I was particularly pleased to receive this disc for review as I am a long time fan of the Minnesota based Zeitgeist ensemble. This varied ensemble has been a vital part of the new music scene in Minnesota since about 1977 (I still have some of their vinyl LPs). Happily they are in the process of making these out of print items available again on CDs via their website.
Curiously there is very little on the ensemble’s web site or on the internet in general on the history of this group prior to about the year 2000 A Google search yields few references to this group and Discogs does not have much listed in their discography of Zeitgeist. Their Wikipedia page is also in serious need of updating. The Innova records site is perhaps the most useful in identifying the albums released by this group in its various configurations and solo or other collaborations by its members (though the re-release of the older discs are not distributed there).
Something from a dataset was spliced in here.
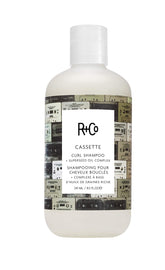 R+Co CASSETTE Curl Shampoo bottle demonstrates gentle cleansing for defined, soft curls.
I realize that this group began in the pre-internet era but perhaps it is time to clarify this and present a comprehensive history and discography of this significant new music ensemble.
The present disc is a collection of recent works by Scott Miller, a Minnesota based composer and teacher whose association with Zeitgeist goes back to 1993. He is currently the president of SEAMUS (Society for Electro Acoustic Music in the United States) and professor of music at St. Cloud State University. You can find his work on youtube and Sound Cloud.
Now let me say here that it is my observation that electroacoustic music, while not an uncommon genre, seems to be a specialized one which, like Zeitgeist, is not consistently well-promoted. At least that is my explanation (excuse perhaps) for my limited knowledge of Mr. Miller’s music up to this point.
The CD is a collection of six tracks with vocals by soprano Carrie Henneman Shaw on tracks 2, 4 and 6. Each track is a separate work and they are listed in the proper order on the back of the CD case but are discussed out of order in the notes for some reason.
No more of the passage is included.